In the new model, the wellbeing service counties will organize health and social services. The reform will significantly affect the functioning and economy of the municipalities. The main changes will, for example, include municipalities’ duties and their funding, municipalities’ right to levy taxes and the staff employed by the municipalities. In addition to health and social services, the organization of the rescue services will also be the wellbeing service counties’ responsibility. It is stated on the website concerning the reform, that according to research, a larger actor organizing health and social services will have a better opportunity to safeguard equality on service provision and the efficacy of action.3

The wellbeing service counties will be self-governing areas that will in early stages get funding from the state. The right to levy taxes will be solved later. The responsibilities will be as follows:

  • State: guidance and direction, funding

  • 22 wellbeing service counties: organizing health and social services, and rescue services

  • 5 collaborative areas: division of responsibilities in specialized services3

Wellbeing services

Public services, such as basic and specialized health care, mental health and substance abuse services, and child welfare services, that are organized by the wellbeing service counties, will be developed as part of the Future Health and Social Services Centres Programme. The aim of the programme is to establish health and social services centres and to provide services that will meet people’s individual needs. It is also stated that the programme “is also aimed at improving people’s trust in health and social services”. In addition, digital and mobile services, weekend and evening service times and low-threshold service points are developed.3

Child welfare services will be developed as part of the reform especially through The Programme to Address Child and Family Services. The object of the programme is to develop family centres and early support for children, youth and families, low-threshold mental and substance abuse services for children and youth, and multi-disciplinarity in child welfare. The latter will include safeguarding multi-sectoral services for children in need and developing new services that will combine child welfare services and psychiatry. Cooperation between child welfare services and mental health and substance abuse services, and education will also be developed. Additionally, the implementation of the systematic welfare (based on the Hackney model) will be supported.18

As part of the Programme to Address Child and Family Services, it has been suggested, that the structure of child and family services would be reorganized. The structure is an outline for practice, and it guides the services that will be provided for children and families (the structure supports practice and does not base on, for example, legislation). The services would be divided as follows:

  • Low-threshold services (family centre model, services such as early childhood education, divorce services, student welfare services)
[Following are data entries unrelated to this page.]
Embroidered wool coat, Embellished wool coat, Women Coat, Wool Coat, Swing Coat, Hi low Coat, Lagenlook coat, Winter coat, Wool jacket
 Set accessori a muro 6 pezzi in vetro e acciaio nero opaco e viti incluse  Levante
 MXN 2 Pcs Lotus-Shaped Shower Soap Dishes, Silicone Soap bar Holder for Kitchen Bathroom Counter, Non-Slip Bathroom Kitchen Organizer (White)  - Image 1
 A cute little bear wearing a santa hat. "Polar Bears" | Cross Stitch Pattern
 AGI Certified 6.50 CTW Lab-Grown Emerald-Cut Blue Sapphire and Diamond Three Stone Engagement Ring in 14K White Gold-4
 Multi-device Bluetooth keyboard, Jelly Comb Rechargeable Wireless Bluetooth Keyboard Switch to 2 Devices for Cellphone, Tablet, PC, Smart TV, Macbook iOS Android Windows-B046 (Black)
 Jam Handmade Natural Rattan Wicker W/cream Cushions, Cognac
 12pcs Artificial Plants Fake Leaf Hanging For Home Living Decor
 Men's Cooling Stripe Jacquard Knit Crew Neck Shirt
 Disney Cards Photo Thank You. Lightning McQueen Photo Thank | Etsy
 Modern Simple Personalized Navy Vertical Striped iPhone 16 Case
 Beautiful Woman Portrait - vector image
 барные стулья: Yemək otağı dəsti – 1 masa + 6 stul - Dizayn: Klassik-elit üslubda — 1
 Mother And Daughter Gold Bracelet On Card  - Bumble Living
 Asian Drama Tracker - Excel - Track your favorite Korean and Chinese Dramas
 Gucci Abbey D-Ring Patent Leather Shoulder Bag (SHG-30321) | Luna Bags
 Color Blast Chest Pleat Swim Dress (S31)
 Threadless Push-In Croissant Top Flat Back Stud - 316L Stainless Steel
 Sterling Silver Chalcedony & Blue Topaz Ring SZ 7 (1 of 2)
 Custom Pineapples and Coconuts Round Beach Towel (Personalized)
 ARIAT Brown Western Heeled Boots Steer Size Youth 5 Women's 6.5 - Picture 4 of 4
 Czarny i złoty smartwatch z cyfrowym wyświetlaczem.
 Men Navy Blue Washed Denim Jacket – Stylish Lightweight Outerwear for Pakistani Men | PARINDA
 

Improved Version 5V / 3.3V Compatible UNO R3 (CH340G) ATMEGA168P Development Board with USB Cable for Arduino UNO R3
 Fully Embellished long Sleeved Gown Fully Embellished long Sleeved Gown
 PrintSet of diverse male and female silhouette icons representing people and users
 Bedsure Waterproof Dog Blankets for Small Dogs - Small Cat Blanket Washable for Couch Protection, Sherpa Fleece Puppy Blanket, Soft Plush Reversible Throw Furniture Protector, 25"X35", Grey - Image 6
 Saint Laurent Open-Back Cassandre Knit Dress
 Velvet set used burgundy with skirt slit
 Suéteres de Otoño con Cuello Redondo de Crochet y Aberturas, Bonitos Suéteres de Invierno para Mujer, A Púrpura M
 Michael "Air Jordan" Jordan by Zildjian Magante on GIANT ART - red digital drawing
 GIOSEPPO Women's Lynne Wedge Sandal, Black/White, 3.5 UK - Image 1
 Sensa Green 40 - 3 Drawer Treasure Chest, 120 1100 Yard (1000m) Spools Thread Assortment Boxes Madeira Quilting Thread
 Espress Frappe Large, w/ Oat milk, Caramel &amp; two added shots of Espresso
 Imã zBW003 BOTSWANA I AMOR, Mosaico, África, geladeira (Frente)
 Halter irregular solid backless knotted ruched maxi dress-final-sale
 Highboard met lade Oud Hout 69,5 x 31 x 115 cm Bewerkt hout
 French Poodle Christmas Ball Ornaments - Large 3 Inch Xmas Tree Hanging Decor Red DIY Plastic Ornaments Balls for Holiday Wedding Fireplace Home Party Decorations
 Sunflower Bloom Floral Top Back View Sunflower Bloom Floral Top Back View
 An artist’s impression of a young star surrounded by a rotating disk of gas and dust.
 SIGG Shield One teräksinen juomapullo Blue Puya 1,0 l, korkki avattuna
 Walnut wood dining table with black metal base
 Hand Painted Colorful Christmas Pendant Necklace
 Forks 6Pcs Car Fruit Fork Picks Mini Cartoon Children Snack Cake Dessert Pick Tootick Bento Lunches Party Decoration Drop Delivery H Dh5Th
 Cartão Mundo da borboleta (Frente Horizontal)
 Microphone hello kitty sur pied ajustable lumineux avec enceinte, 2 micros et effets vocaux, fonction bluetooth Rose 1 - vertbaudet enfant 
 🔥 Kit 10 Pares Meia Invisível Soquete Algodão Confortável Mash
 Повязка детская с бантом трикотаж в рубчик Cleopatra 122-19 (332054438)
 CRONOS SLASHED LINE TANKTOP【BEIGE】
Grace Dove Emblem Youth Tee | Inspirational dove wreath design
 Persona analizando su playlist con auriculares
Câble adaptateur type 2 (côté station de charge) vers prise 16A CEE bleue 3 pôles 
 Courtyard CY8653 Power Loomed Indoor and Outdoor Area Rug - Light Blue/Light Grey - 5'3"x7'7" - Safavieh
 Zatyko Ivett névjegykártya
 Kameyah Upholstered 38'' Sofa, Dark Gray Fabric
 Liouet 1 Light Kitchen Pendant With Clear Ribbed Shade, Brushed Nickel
  • Specialized services (such as child welfare and specialized healthcare)

  • Demanding services (such as demanding specialized services in child welfare)19

Most of the child welfare services are specialized services, including out-of-home placements and care orders. OT-centres (covered later in this report) support the handling of the most demanding cases in child welfare, thus the OT-centres and the support (and for example the Barnahus-model) the centres provide are part of the demanding services.

According to a ‘roadmap’ for the transition from municipal child welfare services to county-based operations, the objective is to strengthen the basic services provided for the children and families so that the focus would be in preventive and early support. In a long run, this will lower the pressure in child welfare services. To strengthen the basic services the low-threshold services should be developed, family centres should be established and the cooperation with education and early childhood education should be strengthened. In turn, to develop child welfare services, multi-disciplinarity and systemic welfare model should be developed alongside with developing and monitoring substitute care.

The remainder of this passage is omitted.